|Recently I've made a concerted effort to keep my rants relatively angst-free, however I think I need to tell you a few things about how I'm going: Physically and mentally.
Last Monday I went into hospital for a full endoscopy and biopsy on my gastrointestinal tract to try and work out why I've been feeling so rotten for the past year. It turns out I have diverticolosis and a hiatus hernia - both relatively benign and typically asymptomatic, but in my case they've conspired to produce a heavy cocktail of nausea, bloating, localised pain and general discomfort. I can't remember the last time I felt good (without being heavily medicated). The surgeon also removed a few tissue samples for testing, so I'm seeing him again in a few weeks time to discuss the results and talk about the next step.
On top of that, I've already mentioned that I need to have all four wisdom teeth removed.

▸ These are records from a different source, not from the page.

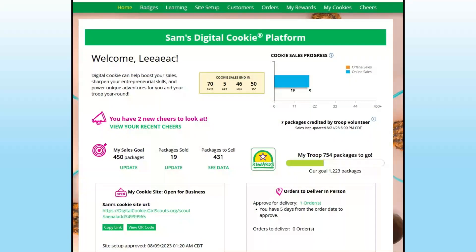Approving a Girl Delivered Order. Congratulations! You have some Girl Scout cookie orders. You may have received an email letting you know you need to approve them, or you have logged into Digital Cookie and you see the notification on your dashboard.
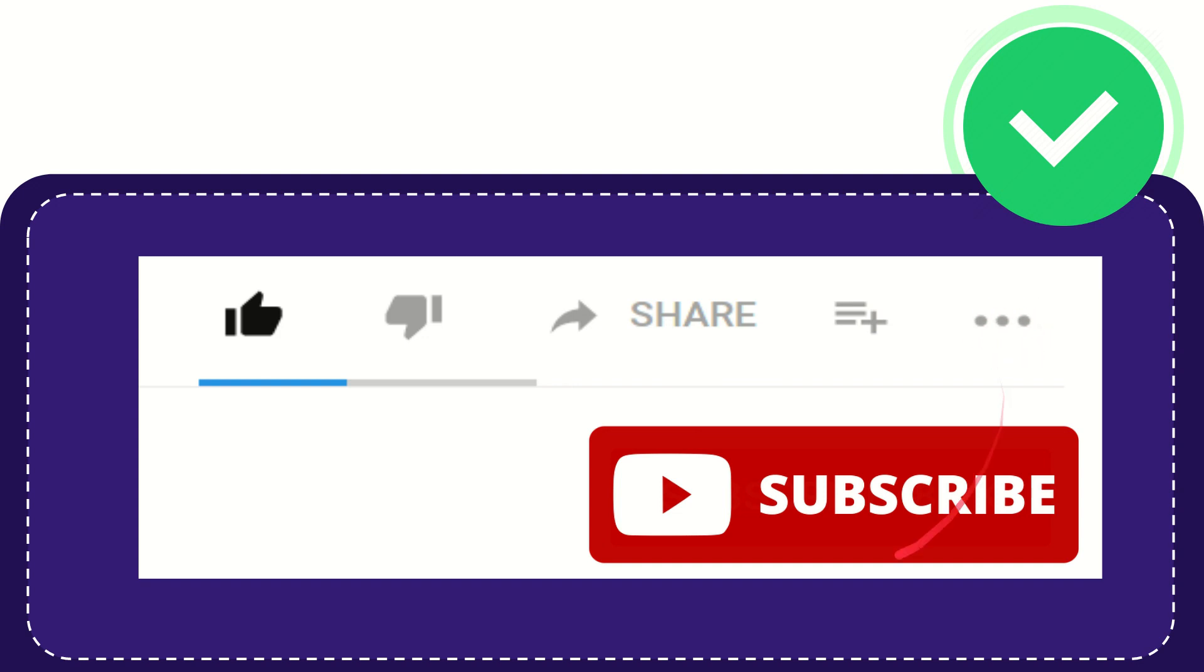And yeah, don't forget to subscribe. I think that's all of it. Thank you so much for watching this video, and see you again in another video. Bye-bye. See you again.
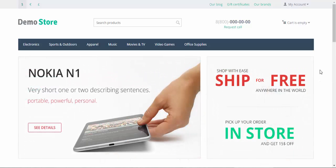That's it about the general settings of the features. In the next video we will be speaking about specification of the features. Thanks for watching and see you in the next CS-Cart video tutorials.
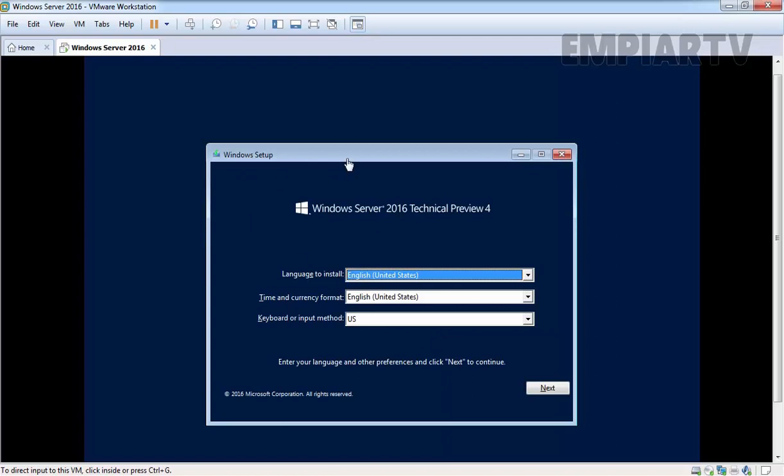This is the first console we have to interact with the installation process. It's saying select the language to install. That is by default selected English in United States. You can also change the time and currency format as per your requirements. You can also set the keyboard or input method. I am not going to change anything.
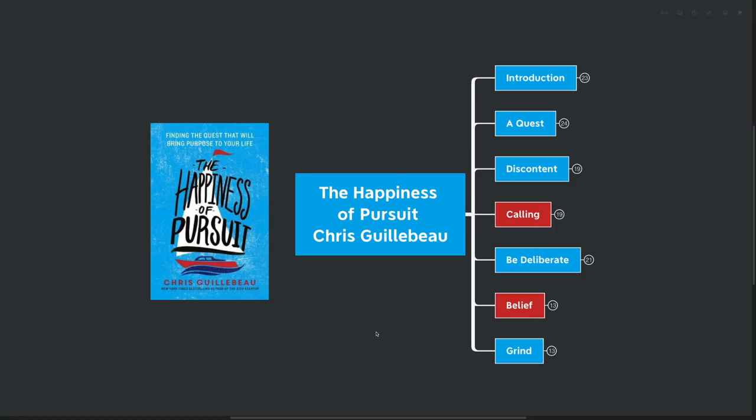Hello mind mappers and welcome to the video. Today we're going to be going over The Happiness of Pursuit by Chris Guillebeau, finding the quest that will bring purpose to your life.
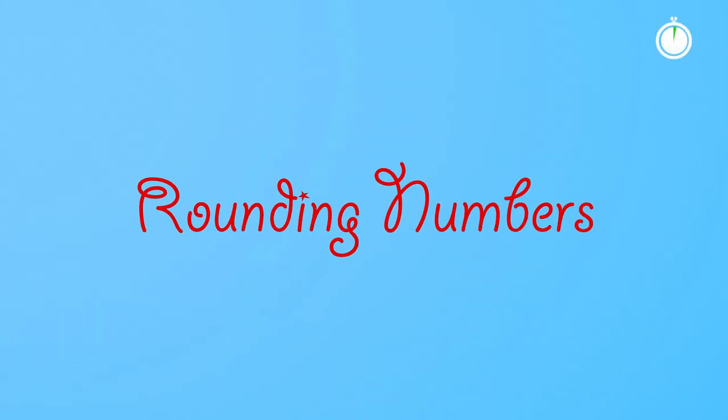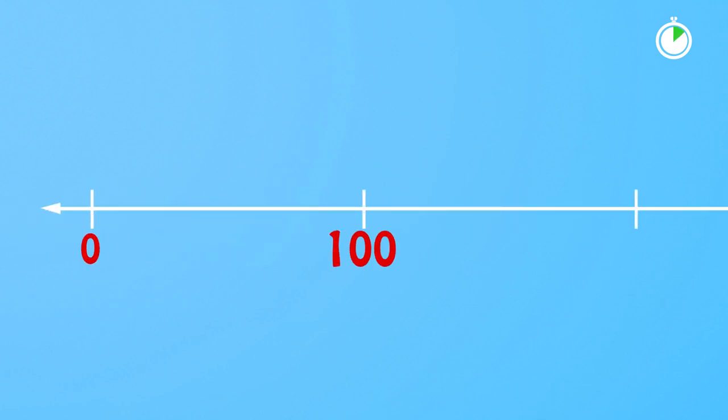How can I help students to round numbers? A number line is a versatile visual model for showing the position of one number relative to another.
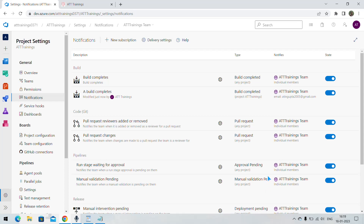Now whenever the build is successfully completed, this particular email ID will get a notification. I hope you understand how to configure notifications in Project Settings. Thank you.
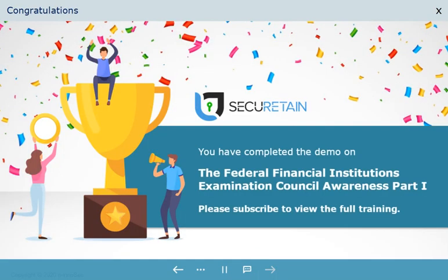You have completed the demo on the Federal Financial Institutions Examination Council Awareness, Part 1. Please subscribe to view the full training.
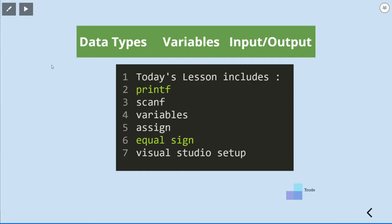Data types, variables, input and output. Today's lessons include printf, scanf, variables, assign, equal sign, and Visual Studio setup. Let's go!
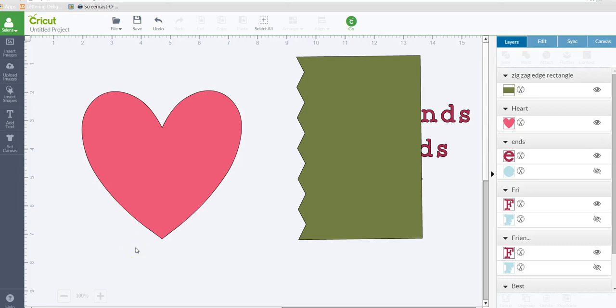Hey, everyone. It's Selena here. I wanted to do a short tutorial on a question that was asked on the Cricut Design Space Facebook group.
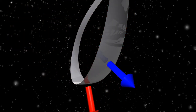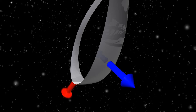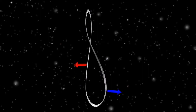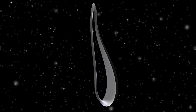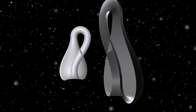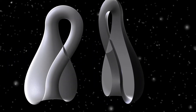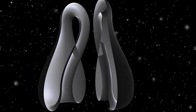The Möbius strip is non-orientable, and therefore the Klein bottle is also non-orientable. There exists no continuous normal unit vector field. By connecting two Möbius strips we obtain a Klein bottle.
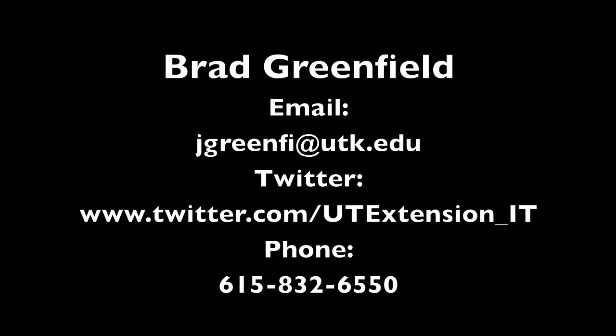Again, you should see the phone number, Twitter account, and email address for me there. If you have any questions or need to contact me, please do. I look forward to hearing from you.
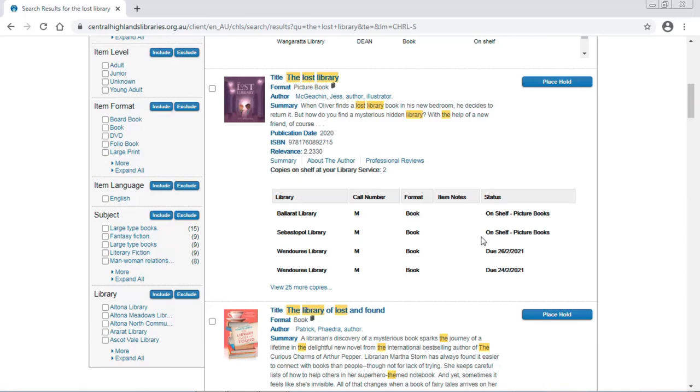But there are no copies at my library, so I will need to place a hold to have a copy of the book shipped to my home library for free. If you would like to see more details on doing that, then you can watch the video.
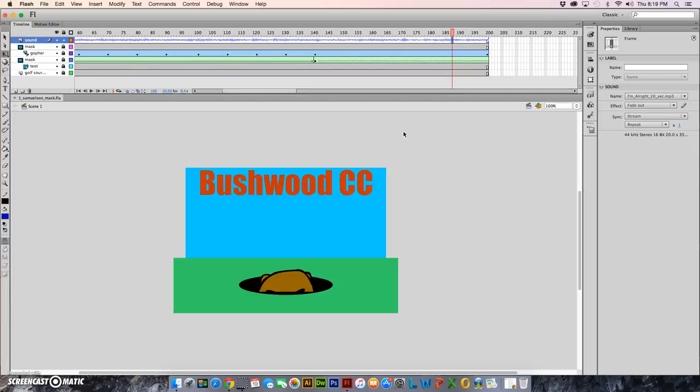So this is the end of it. Remember to save into your flash folder in schools and remember that the SWF file, which is the one you publish by doing command return, is the one that you are going to upload to your Google site.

Meanwhile, I've been finding college extremely tough. It's not so much the volume of work that's bothering me (though it does get me down at times), it's more the general vibe. Perhaps my expectations were too high, in that I was hoping to be surrounded by fellow artists and story-tellers in a vibrant, creative environment, like when I was at University. Instead the college turns out to be a business like any other, and many of my fellow students just want to get the training they need so they can enter the work-force afterwards. Perhaps that's just how tertiary education works these days, but it has come as a huge disappointment, nonetheless.
Perhaps toughest of all, however, has been college's impact on Crimson Dark. I'm not happy updating only once per week, and I think it's having a detrimental effect on how I'm going about telling the story. Furthermore, readership has plateaued over the last year, even diminished slightly. Advertising revenue has dropped dramatically and donations have ceased almost entirely. More often than not, producing a new page feels like work rather than fun.
This all came to a head yesterday when, in a moment of weakness, I decided to put Crimson Dark on hiatus until I finish college.
A few hours later I changed my mind.
It only took a few hours to realise how uncomfortable that decision made me - it really felt like I had just lost a loved one. I couldn't endure another year of college without Crimson Dark to keep me sane, with out you, dear readers, to encourage me. Last year, during the hard times (and there were some VERY hard times), I can't begin to describe how important it was to know that you people are still reading and enjoying my work.
So Crimson Dark continues for the forseeable future. I can't guarantee that I will never take a hiatus - I may well change my mind again as I gear up for my Final project at college towards the end of this year - but for now I'm intent on making this work... somehow. At the very least, I'm making it my goal to not take a break without first finishing the current chapter, I owe you that much.
That's where I am at the moment, thank you for indulging me.
Tomorrow is my first day back at college, with a class titled "NEM201 - Managing New Media Projects". If I were hit by a bus on the way to class, I don't think I'd mind all that much.